En la contemporánea historia
jurídica de los Estados Unidos tenemos de todo: la historia del fiscal
Garrison, develador del asesinato de Kennedy, o grandes culturas del
liberalismo ético y democrático, descendientes de Emerson, Withman o Henry
Thoreau. Mencionemos una recordable narración basada en el género dramático
jurídico, el film de Sidney Lumet, Doce hombres en pugna (1957), con la
formidable actuación de Henry Fonda. Es una joya del humanismo judicial que
también existe en el país del Norte. ¡Qué diferencia con Griesa! Avergüenza el
sector de la prensa escrita argentina que, desconociendo éstas y otras
historias, actúa como parte de un razonamiento que brota de pliegues soterrados
de una conciencia infecunda que grita, desde los sótanos del alma: “¡Como sea,
paguemos ya!”, “¡El juez tiene razón!”, “¡Autogolpe!”, “¡El Depositary Trust
nos conmueve!”, “¡Los fondos buitre evocan el ‘ave totémica’ que le conviene a
nuestro país!” Detalle: los grandes diarios de este país... ¿no titulan sus
notas con la expresión autoinculpatoria, fondos buitre, sin entrecomillar?
Las tesis del valor-trabajo de
David Ricardo y Smith fueron citadas por la Presidenta. Son las que le dan
desemboque a las teorías de la plusvalía, cuya historia realiza Marx en la
Historia crítica de la plusvalía. Por su parte, éste sería el verdadero “Epos”
del capitalismo, que ahora adquiere novedosas máscaras. Contienen en verdad
nuevas formas de explotación. La Presidenta suele afirmar que las mutaciones
del dominio económico globalizador importan más que los actos de explotación.
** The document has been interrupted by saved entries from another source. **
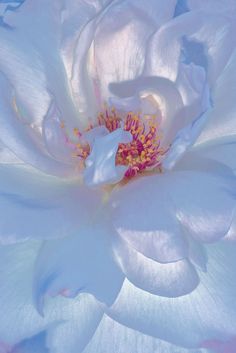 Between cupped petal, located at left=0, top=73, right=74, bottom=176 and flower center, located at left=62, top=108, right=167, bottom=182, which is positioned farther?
flower center, located at left=62, top=108, right=167, bottom=182

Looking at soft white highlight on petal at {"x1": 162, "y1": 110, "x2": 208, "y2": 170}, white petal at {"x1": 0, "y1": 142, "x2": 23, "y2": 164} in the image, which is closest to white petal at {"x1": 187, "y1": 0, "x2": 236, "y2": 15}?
soft white highlight on petal at {"x1": 162, "y1": 110, "x2": 208, "y2": 170}

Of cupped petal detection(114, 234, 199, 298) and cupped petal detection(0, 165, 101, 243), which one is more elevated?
cupped petal detection(0, 165, 101, 243)

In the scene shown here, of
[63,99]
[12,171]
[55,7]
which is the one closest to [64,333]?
[12,171]

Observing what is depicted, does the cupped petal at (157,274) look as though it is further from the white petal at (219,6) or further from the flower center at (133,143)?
the white petal at (219,6)

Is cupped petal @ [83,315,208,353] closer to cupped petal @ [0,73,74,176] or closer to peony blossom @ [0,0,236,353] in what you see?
peony blossom @ [0,0,236,353]

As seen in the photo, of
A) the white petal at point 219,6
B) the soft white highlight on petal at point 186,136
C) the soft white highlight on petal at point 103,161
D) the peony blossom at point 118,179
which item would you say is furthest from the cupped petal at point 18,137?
the white petal at point 219,6

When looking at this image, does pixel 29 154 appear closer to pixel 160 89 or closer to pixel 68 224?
pixel 68 224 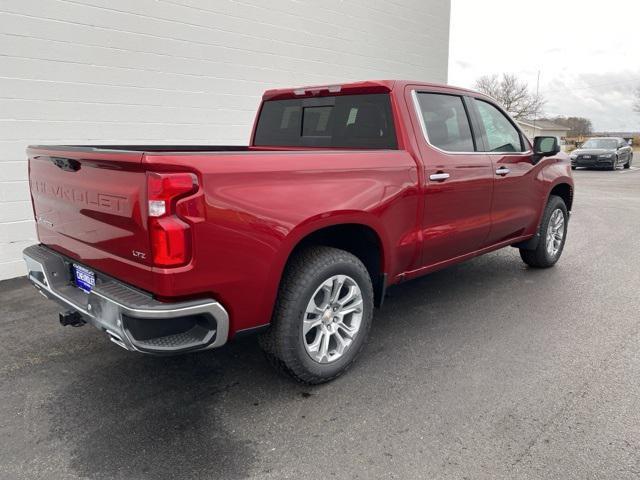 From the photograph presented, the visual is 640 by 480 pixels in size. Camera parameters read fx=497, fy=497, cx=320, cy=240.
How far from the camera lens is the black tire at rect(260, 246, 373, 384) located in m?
2.80

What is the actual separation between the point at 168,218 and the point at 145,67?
180 inches

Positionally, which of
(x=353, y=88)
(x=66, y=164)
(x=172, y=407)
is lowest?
(x=172, y=407)

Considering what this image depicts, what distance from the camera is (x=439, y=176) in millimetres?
3617

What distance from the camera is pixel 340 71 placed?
28.6 feet

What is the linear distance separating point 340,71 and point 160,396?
23.1ft

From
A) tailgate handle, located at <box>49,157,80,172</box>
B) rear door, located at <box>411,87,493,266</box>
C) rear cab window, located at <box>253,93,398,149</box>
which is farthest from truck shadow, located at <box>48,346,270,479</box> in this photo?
rear cab window, located at <box>253,93,398,149</box>

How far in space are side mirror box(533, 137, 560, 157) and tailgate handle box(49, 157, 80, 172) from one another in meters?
4.09

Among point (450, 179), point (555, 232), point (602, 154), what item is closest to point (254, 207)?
point (450, 179)

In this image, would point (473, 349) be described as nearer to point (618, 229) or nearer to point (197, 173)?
point (197, 173)

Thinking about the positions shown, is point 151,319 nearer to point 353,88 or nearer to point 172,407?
point 172,407

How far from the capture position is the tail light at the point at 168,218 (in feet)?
7.32

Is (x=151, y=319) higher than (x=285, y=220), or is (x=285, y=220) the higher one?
(x=285, y=220)

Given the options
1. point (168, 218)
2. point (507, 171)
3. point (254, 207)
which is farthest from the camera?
point (507, 171)

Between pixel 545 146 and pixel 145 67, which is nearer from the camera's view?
pixel 545 146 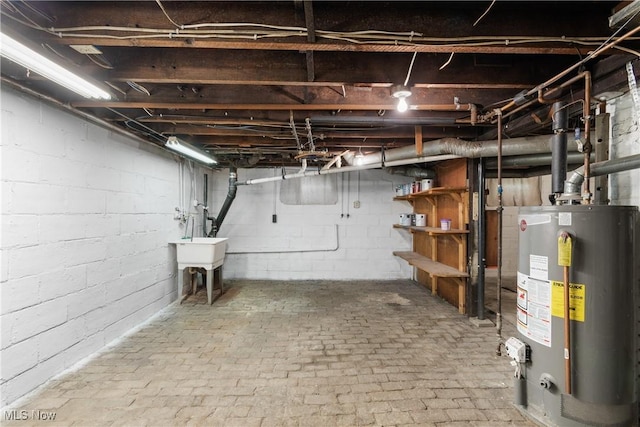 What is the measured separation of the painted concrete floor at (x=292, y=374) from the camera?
1.59 meters

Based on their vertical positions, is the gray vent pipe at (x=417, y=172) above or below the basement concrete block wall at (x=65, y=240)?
above

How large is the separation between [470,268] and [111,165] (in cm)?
381

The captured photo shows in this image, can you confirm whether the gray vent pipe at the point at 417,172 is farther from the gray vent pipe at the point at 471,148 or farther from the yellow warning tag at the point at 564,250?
the yellow warning tag at the point at 564,250

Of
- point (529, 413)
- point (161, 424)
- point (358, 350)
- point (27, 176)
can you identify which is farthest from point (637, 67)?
point (27, 176)

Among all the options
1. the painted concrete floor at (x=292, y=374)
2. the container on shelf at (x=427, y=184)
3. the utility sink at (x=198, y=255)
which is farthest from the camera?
the container on shelf at (x=427, y=184)

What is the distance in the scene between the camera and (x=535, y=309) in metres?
1.51

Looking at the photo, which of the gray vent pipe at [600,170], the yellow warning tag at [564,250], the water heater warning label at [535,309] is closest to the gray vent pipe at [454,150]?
the gray vent pipe at [600,170]

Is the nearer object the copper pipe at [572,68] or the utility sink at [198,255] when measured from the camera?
the copper pipe at [572,68]

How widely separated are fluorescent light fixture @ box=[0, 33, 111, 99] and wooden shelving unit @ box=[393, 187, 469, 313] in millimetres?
3256

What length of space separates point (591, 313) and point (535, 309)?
22cm

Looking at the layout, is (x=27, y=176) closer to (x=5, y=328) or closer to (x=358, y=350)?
(x=5, y=328)

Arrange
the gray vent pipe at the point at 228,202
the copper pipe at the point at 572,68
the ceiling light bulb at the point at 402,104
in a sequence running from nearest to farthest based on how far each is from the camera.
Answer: the copper pipe at the point at 572,68
the ceiling light bulb at the point at 402,104
the gray vent pipe at the point at 228,202

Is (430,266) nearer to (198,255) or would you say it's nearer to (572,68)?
(572,68)

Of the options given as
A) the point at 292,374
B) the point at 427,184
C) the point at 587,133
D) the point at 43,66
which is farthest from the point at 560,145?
A: the point at 43,66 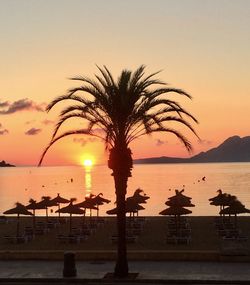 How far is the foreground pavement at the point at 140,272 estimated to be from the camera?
19531 millimetres

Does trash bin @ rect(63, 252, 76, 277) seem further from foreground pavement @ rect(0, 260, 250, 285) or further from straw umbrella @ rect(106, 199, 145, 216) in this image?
straw umbrella @ rect(106, 199, 145, 216)

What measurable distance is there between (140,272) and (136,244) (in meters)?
9.11

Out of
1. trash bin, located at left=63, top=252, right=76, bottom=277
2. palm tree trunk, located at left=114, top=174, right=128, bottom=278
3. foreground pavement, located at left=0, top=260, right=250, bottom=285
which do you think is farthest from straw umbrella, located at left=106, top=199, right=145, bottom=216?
trash bin, located at left=63, top=252, right=76, bottom=277

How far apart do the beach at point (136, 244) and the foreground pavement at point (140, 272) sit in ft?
1.87

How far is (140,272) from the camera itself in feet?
70.0

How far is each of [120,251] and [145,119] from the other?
5.22 meters

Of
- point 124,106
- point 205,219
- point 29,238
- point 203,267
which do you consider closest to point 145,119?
point 124,106

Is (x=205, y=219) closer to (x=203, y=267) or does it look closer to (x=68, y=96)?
(x=203, y=267)

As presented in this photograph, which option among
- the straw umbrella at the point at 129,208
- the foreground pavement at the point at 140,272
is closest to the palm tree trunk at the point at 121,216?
the foreground pavement at the point at 140,272

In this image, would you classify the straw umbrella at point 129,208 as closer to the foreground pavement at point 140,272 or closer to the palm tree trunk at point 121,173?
the foreground pavement at point 140,272

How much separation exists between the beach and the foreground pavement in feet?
1.87

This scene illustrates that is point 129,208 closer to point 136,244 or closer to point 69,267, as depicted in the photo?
point 136,244

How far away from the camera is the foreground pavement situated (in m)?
19.5

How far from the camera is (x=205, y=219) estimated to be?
143 ft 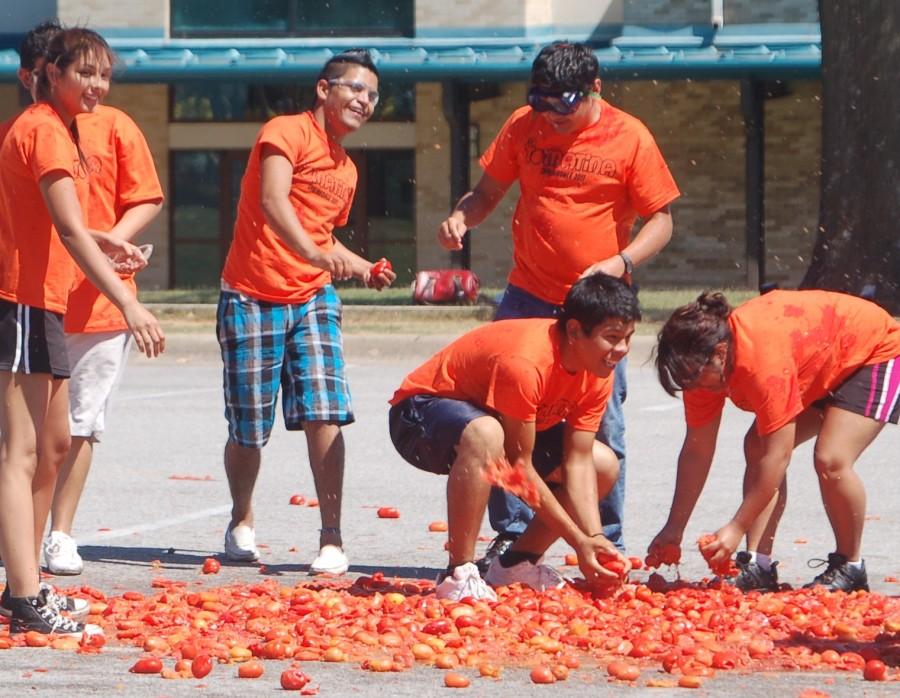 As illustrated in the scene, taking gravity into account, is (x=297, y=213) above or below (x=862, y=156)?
above

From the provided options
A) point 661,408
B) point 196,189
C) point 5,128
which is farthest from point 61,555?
point 196,189

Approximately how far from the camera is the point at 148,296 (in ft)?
89.9

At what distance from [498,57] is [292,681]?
21948 mm

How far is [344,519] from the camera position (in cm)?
880

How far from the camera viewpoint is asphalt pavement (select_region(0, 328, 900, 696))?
5.30 metres

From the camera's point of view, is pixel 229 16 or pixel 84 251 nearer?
pixel 84 251

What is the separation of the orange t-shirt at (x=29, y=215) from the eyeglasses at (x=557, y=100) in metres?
→ 1.95

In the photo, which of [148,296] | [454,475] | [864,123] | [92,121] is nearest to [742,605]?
[454,475]

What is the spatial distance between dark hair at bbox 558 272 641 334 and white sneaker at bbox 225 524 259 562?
6.62 ft

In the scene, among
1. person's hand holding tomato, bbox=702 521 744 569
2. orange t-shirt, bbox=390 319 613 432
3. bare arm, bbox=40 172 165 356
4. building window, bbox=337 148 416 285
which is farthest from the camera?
building window, bbox=337 148 416 285

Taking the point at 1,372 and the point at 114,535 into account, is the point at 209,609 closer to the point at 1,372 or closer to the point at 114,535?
the point at 1,372

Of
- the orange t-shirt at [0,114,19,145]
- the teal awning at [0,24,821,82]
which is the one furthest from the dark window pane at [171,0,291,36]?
the orange t-shirt at [0,114,19,145]

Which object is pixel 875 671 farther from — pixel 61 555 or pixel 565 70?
pixel 61 555

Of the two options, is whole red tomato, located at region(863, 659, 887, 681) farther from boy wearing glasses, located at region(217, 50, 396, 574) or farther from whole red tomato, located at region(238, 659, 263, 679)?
boy wearing glasses, located at region(217, 50, 396, 574) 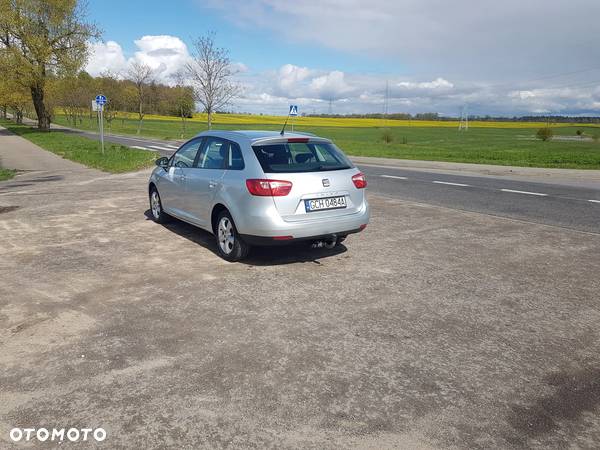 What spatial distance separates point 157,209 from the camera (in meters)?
8.00

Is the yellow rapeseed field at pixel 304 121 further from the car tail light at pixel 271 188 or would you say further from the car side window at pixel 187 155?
the car tail light at pixel 271 188

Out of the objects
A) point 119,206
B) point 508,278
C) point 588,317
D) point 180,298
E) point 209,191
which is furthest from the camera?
point 119,206

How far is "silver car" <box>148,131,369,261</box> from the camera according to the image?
5242 millimetres

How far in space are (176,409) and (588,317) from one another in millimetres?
3666

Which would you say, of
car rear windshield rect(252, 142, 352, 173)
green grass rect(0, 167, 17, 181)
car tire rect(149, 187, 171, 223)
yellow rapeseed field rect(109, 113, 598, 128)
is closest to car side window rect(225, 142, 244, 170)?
car rear windshield rect(252, 142, 352, 173)

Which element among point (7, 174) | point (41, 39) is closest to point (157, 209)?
point (7, 174)

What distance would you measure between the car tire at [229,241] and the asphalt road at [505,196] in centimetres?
586

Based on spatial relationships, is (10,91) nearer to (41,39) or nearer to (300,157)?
(41,39)

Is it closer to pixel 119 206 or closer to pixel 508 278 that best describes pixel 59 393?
pixel 508 278

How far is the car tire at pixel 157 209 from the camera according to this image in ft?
25.9

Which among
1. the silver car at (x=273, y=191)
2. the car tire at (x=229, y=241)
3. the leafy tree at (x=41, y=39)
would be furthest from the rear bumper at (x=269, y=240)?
the leafy tree at (x=41, y=39)

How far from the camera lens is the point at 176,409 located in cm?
280

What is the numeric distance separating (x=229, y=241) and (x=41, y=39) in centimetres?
4041

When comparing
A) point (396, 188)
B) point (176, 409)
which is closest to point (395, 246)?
point (176, 409) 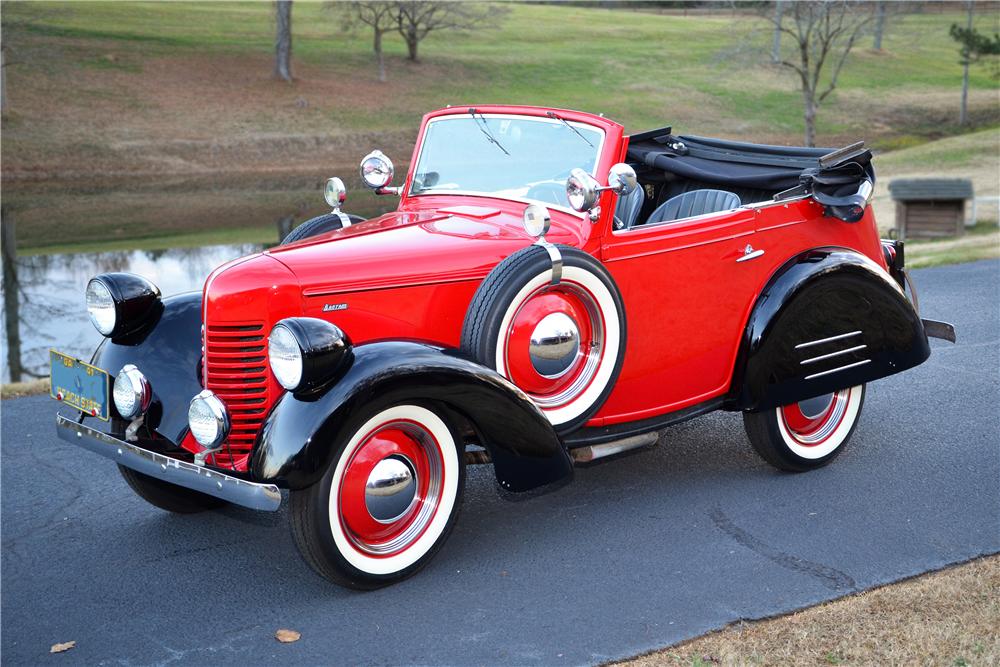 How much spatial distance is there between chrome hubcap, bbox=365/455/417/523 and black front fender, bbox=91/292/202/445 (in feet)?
3.08

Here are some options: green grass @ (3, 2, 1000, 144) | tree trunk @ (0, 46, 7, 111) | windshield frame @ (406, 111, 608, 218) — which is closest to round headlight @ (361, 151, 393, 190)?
windshield frame @ (406, 111, 608, 218)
Debemos llamar la atención sobre el interesante problema planteado, pero es
conveniente seguir empleando también el concepto de explotación, de larga
memoria en los movimientos sociales universales. Es cierto, sin embargo, que
adquiere nuevos rostros. En los años ’60, Baran y Sweezy –la izquierda
intelectual norteamericana– hablaron de excedentes económicos potenciales. La
modalidad irracional que éstos vehiculizan constituye otra forma de
explotación. Tampoco han desaparecido las fórmulas novedosas de plusvalía. Sin
ir más lejos, la propia decisión de la referida Corte Suprema es un tipo específico
de plusvalía jurídica, vinculada con extremos intereses financieros de cuño
arbitrario. Hay un tipo reestructurado de plusvalía que lleva a situaciones de
explotación basadas en acciones del “dinero a futuro”, vinculadas con
ideologías punitivas: swap, warrants, turbowarrants, over the counter,
calificaciones de países según su “riesgo”, estilos de gerenciamiento, compra
de bonos defaulteados, todo combinado con guerras interreligiosas o
interétnicas, knowledge management y regencias sobre las conciencias
universales de un único tipo monolítico de industria cultural, demasiadas veces
ajena a los grandes legados intelectuales, basada en un modelo humano lejano al
genuino goce artístico.
Son muchas las formas que pueden
llevar a novedosos estilos de explotación. Es preciso no abandonar estas
palabras al desván de los bártulos antediluvianos, ni dejárselas a las partes
ociosas del lenguaje. Son también la garantía que permiten responder a los que
creen que se caerá en la “tentación heroica” por falta de madurez de los
argumentos. No parece ser así, no será así, pero la negociación que haya
revestirá formas de epopeya democrática. Porque puede y debe haber un “epos”
nacional basado en la democracia y en la justicia autonomista, maduro en el
reconocimiento de sus propias fuerzas y de los poderíos trágicos de la compleja
mundialización de los flujos económicos y vitales. Es preciso buscar el tertium
datur entre cumplir humillados o recaer en la facilidad teatral
neonacionalista. Recrear la propia actividad social democrática del país,
indagar en un soberanismo renovado, hablar con dignidad frente al mundo,
mostrar las pasiones colectivas y forjar una firme serenidad al expresarlas,
son los imperativos del momento.
* Sociólogo, director de la Biblioteca Nacional.